After Iowa’s loss to Auburn in the NCAA tournament in Birmingham, Ala., last March, I asked Perkins if he was coming back to Iowa for his senior season. It’s something you have to do now because you don’t know who will transfer so you try to see if the replies are definitive. Sometimes, they aren’t.
Perkins said then and there that not only was he returning, but “I want to be the best guard in Iowa history.”
That was never going to happen when his 12.3-point average as a junior was easily the best in his career. But it was a mindset a coach, teammate or fan would want to hear.
Perkins is averaging 15.7 points this season, but more importantly and telling, 18.6 in Big Ten games.

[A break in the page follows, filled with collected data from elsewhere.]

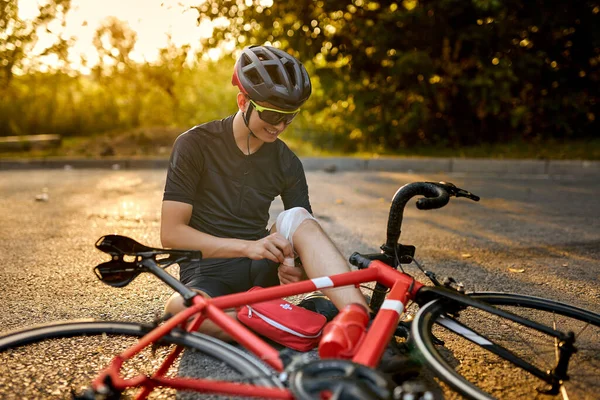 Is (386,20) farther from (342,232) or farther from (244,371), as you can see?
(244,371)

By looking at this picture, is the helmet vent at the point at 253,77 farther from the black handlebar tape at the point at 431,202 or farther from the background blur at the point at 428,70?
the background blur at the point at 428,70

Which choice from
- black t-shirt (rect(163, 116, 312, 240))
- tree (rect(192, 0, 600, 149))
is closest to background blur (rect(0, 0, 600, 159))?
tree (rect(192, 0, 600, 149))

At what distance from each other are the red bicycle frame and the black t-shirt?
0.96 meters

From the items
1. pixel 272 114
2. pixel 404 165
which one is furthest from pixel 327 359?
pixel 404 165

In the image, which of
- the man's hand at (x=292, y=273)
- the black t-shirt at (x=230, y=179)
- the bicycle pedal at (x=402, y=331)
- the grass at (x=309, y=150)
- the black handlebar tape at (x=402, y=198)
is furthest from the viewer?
the grass at (x=309, y=150)

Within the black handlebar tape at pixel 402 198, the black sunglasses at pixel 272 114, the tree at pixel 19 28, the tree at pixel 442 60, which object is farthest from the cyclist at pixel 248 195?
the tree at pixel 19 28

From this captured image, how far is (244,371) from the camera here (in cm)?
184

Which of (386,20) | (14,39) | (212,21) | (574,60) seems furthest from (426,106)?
(14,39)

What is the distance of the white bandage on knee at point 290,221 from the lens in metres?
2.86

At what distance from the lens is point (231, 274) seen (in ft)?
A: 10.3

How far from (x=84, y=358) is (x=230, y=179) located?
1.10 m

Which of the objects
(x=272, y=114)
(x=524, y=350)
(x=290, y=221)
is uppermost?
(x=272, y=114)

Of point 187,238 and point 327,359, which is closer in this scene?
point 327,359

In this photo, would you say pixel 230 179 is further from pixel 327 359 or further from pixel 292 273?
pixel 327 359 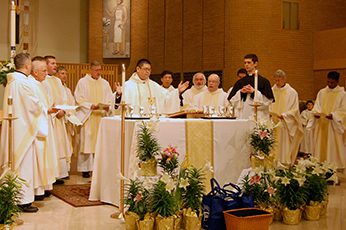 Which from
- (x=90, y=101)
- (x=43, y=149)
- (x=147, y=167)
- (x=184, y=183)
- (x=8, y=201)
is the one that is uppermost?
(x=90, y=101)

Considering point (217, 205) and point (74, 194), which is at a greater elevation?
point (217, 205)

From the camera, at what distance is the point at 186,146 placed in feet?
21.4

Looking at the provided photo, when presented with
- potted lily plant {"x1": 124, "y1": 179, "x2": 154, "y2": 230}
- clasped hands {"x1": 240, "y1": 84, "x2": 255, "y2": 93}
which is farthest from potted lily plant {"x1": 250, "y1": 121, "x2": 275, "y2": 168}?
potted lily plant {"x1": 124, "y1": 179, "x2": 154, "y2": 230}

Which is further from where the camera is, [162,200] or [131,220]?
[131,220]

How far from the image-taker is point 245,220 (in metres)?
5.14

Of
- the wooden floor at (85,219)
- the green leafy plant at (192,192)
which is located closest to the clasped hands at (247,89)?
the wooden floor at (85,219)

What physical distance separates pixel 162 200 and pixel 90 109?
14.7 ft

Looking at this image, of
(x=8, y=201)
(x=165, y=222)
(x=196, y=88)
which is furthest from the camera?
(x=196, y=88)

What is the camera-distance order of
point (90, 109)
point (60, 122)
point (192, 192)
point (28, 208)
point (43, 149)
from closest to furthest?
point (192, 192) < point (28, 208) < point (43, 149) < point (60, 122) < point (90, 109)

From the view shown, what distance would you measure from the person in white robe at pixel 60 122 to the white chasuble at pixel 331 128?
434cm

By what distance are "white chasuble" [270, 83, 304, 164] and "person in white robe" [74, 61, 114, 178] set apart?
311cm

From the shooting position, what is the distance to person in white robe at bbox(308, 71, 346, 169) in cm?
934

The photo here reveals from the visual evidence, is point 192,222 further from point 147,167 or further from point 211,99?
point 211,99

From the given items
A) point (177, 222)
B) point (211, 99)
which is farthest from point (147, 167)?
point (211, 99) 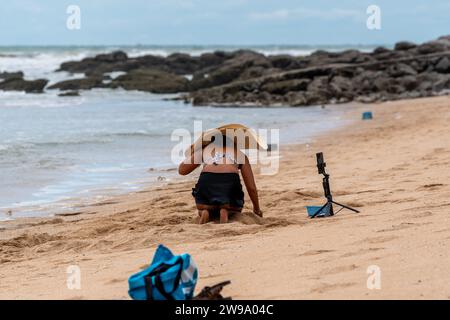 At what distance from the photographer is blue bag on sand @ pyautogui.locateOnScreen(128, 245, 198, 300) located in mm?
4020

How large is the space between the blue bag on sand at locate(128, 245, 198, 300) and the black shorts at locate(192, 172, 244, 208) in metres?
2.63

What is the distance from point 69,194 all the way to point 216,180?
10.6 ft

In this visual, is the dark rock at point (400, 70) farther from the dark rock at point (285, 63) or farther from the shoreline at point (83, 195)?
the shoreline at point (83, 195)

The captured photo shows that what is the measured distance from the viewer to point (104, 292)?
4512 millimetres

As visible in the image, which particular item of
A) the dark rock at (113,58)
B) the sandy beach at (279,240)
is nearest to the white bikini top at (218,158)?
the sandy beach at (279,240)

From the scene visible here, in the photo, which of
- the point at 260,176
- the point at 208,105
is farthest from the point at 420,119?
the point at 208,105

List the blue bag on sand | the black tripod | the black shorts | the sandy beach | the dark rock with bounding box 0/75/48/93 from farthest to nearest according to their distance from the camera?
the dark rock with bounding box 0/75/48/93 < the black shorts < the black tripod < the sandy beach < the blue bag on sand

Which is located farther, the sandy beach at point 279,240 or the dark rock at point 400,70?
the dark rock at point 400,70

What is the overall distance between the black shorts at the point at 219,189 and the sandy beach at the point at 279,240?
193mm

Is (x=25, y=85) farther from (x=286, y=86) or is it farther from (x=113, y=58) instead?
(x=113, y=58)

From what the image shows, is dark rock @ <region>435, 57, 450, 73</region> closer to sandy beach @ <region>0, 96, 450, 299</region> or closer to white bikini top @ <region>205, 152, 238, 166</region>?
sandy beach @ <region>0, 96, 450, 299</region>

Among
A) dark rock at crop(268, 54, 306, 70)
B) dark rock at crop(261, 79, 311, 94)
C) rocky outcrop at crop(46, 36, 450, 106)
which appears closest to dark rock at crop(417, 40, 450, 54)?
rocky outcrop at crop(46, 36, 450, 106)

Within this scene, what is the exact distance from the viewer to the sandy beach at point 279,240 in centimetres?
441

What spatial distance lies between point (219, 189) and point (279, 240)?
132cm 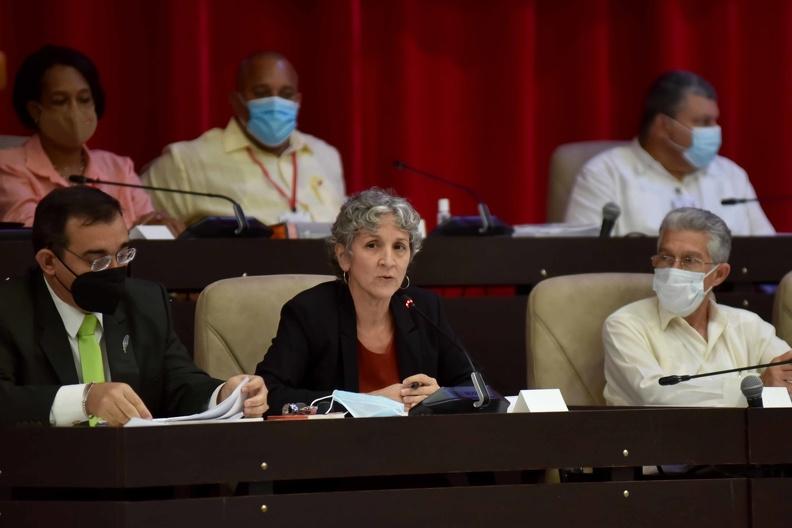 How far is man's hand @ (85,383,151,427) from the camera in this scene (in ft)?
9.22

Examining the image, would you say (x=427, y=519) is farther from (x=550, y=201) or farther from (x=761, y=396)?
(x=550, y=201)

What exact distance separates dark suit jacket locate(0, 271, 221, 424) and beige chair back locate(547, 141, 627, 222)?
8.34 feet

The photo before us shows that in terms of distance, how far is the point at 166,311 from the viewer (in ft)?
11.1

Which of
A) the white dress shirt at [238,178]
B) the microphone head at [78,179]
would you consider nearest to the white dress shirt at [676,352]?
the microphone head at [78,179]

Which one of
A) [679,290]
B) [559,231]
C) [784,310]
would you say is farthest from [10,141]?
[784,310]

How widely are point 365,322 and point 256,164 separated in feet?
6.12

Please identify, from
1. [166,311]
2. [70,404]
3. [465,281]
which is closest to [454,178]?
[465,281]

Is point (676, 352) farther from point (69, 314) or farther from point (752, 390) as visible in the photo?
point (69, 314)

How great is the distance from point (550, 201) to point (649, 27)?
110cm

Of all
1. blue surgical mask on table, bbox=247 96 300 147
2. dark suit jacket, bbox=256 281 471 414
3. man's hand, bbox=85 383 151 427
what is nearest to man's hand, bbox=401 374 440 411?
dark suit jacket, bbox=256 281 471 414

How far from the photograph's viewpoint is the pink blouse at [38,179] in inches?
183

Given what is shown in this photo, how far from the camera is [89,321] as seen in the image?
10.6ft

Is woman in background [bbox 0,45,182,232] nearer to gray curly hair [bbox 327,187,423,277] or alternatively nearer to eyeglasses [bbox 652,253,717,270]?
gray curly hair [bbox 327,187,423,277]

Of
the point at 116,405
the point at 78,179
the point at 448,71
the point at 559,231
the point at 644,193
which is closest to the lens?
the point at 116,405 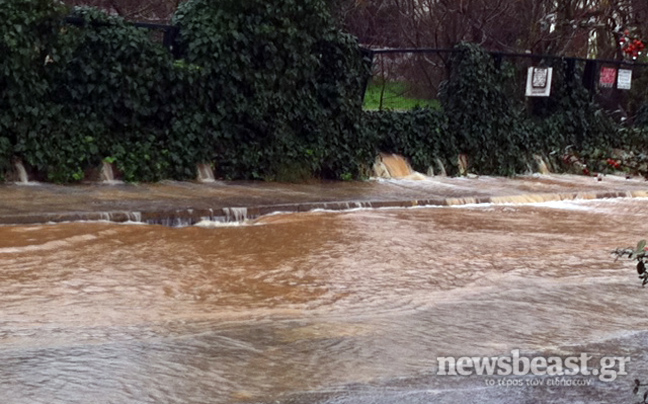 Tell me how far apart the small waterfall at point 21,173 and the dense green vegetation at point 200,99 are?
0.09 m

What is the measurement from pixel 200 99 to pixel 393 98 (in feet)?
45.6

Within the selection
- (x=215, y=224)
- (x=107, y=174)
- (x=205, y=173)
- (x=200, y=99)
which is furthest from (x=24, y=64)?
(x=215, y=224)

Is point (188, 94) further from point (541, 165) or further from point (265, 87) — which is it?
point (541, 165)

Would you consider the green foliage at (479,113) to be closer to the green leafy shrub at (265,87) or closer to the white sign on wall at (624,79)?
the green leafy shrub at (265,87)

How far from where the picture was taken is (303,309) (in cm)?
863

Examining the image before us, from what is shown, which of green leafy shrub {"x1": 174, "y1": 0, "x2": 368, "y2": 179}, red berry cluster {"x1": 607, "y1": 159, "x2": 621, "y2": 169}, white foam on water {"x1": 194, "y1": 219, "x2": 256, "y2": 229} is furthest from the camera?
green leafy shrub {"x1": 174, "y1": 0, "x2": 368, "y2": 179}

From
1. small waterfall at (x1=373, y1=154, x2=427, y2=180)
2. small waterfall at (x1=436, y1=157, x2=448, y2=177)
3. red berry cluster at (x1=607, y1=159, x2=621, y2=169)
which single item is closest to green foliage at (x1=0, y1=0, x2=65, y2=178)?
small waterfall at (x1=373, y1=154, x2=427, y2=180)

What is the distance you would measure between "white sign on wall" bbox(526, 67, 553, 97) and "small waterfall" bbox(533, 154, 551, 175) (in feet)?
4.41

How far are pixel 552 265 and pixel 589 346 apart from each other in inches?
143

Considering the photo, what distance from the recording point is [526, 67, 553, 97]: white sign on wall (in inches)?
877

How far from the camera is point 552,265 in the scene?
1105cm

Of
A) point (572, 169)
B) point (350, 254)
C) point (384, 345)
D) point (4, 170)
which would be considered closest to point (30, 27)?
point (4, 170)

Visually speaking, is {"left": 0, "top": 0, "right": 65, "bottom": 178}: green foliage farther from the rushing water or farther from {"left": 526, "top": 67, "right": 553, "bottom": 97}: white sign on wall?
{"left": 526, "top": 67, "right": 553, "bottom": 97}: white sign on wall

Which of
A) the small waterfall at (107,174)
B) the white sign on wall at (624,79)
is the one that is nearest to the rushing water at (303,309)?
the small waterfall at (107,174) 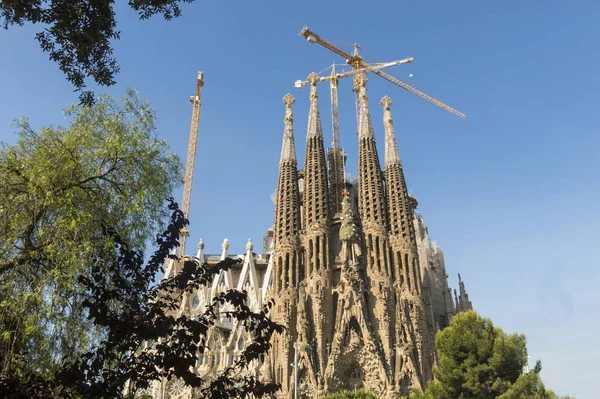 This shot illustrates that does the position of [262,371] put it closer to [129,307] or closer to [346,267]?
[346,267]

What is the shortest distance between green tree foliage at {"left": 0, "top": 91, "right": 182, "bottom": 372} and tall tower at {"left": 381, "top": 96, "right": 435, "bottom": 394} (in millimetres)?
25254

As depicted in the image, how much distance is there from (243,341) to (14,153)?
106ft

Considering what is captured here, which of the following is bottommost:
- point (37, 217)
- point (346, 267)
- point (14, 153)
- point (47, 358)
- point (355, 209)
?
point (47, 358)

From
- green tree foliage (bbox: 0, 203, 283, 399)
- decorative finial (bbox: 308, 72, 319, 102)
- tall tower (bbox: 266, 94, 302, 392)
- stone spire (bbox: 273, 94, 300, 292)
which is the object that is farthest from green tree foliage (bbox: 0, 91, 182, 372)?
decorative finial (bbox: 308, 72, 319, 102)

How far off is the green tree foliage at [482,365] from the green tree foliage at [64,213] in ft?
49.3

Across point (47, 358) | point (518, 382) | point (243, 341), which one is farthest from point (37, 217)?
point (243, 341)

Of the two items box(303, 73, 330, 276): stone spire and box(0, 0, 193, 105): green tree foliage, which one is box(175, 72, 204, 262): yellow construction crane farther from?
box(0, 0, 193, 105): green tree foliage

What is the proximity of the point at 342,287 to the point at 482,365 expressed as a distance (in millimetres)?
14859

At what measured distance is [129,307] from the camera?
21.8 feet

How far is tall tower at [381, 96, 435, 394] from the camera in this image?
1257 inches

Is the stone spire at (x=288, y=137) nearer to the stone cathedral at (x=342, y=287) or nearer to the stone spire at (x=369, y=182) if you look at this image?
the stone cathedral at (x=342, y=287)

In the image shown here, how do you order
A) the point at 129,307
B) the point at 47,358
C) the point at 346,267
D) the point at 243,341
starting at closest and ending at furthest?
the point at 129,307
the point at 47,358
the point at 346,267
the point at 243,341

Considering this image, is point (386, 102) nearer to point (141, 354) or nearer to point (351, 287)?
point (351, 287)

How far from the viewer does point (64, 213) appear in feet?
27.4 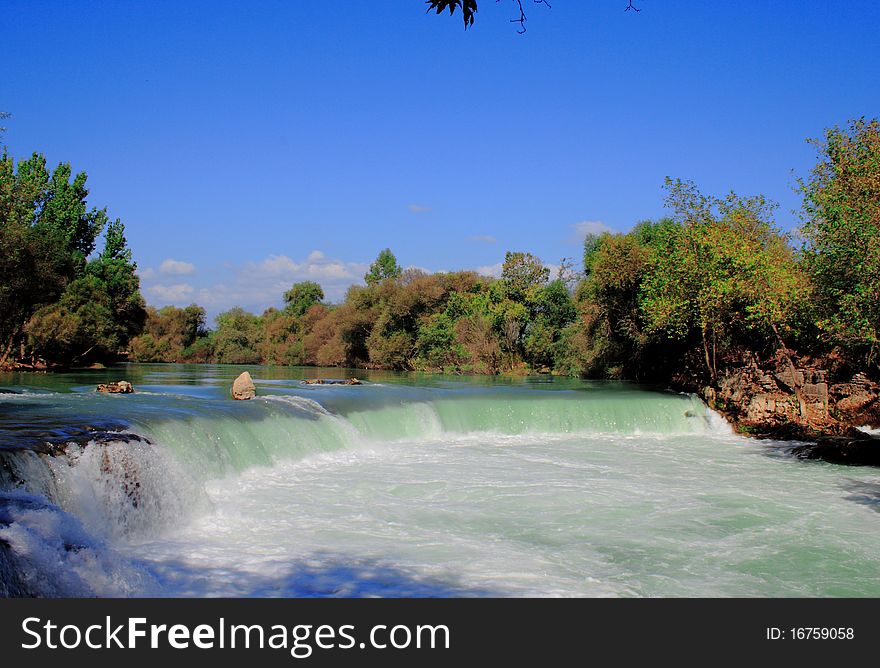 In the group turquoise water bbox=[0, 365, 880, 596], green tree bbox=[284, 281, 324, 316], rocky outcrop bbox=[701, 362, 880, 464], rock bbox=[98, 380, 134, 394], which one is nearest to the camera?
turquoise water bbox=[0, 365, 880, 596]

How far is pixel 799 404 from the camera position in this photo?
2025 centimetres

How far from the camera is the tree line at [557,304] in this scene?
55.4 ft

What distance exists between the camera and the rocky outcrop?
1956cm

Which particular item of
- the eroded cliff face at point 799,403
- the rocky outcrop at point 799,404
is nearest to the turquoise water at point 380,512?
the rocky outcrop at point 799,404

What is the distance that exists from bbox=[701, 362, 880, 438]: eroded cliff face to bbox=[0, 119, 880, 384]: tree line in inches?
23.7

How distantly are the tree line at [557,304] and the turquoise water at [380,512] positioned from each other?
17.5 ft

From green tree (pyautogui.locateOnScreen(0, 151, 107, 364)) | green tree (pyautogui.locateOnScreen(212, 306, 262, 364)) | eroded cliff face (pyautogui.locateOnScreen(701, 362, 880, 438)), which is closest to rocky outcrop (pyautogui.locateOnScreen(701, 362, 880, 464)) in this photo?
eroded cliff face (pyautogui.locateOnScreen(701, 362, 880, 438))

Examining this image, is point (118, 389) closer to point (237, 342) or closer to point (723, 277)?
point (723, 277)

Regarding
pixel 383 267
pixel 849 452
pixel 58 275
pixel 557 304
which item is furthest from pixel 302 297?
pixel 849 452

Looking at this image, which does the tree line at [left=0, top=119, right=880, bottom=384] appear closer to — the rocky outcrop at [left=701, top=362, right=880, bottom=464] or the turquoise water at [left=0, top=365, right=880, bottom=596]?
the rocky outcrop at [left=701, top=362, right=880, bottom=464]

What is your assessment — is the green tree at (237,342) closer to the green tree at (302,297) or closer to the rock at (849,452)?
the green tree at (302,297)

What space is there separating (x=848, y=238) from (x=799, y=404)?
22.4 ft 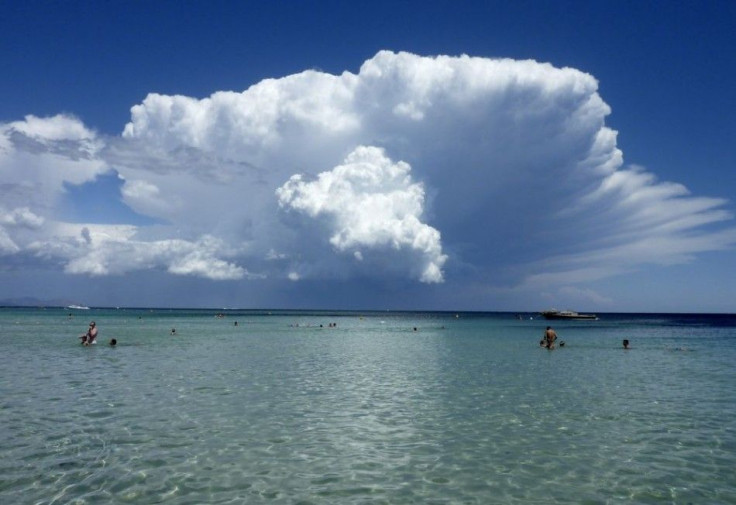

“He’s playing at definitely an All-Big Ten level,” said junior teammate Payton Sandfort. “He’s my favorite point guard in the league right now.”
“He’s one of the elite guards not only in the league,” senior forward Patrick McCaffery said, “but in America. I’m glad he’s my teammate.”
Perkins doesn’t seem to take much pleasure in talking about himself with reporters. What he clearly enjoys is winning. Everyone takes losses hard to degrees, but the pain of it always shows in his face.
Iowa is 5-6 in the Big Ten and 13-9 overall and has serious work to do to approach the NCAA tournament bubble. But what you want and need in February is a senior junkyard dog with skills who wants to take you there.
“He’s kind of becoming a vocal leader,” Sandfort said. “I think that’s something he’s never really had to do or something he’s really comfortable with. But he’s starting to do that at the end of games, which is crucial.”
Before Friday’s game at Carver-Hawkeye Arena Perkins was honored for recently passing the 1,000-point career mark. The applause from the fans was loud and warm. They know what they’ve seen and are continuing to see from him.
Two years ago as a sophomore, Perkins played superbly in the semifinal and final of the Big Ten tournament in his Indianapolis hometown. The opponents were Indiana and Purdue. Iowa beat both.
Keefer said Perkins was the best prep player in Indiana that year. The people there and in Iowa now know he was right.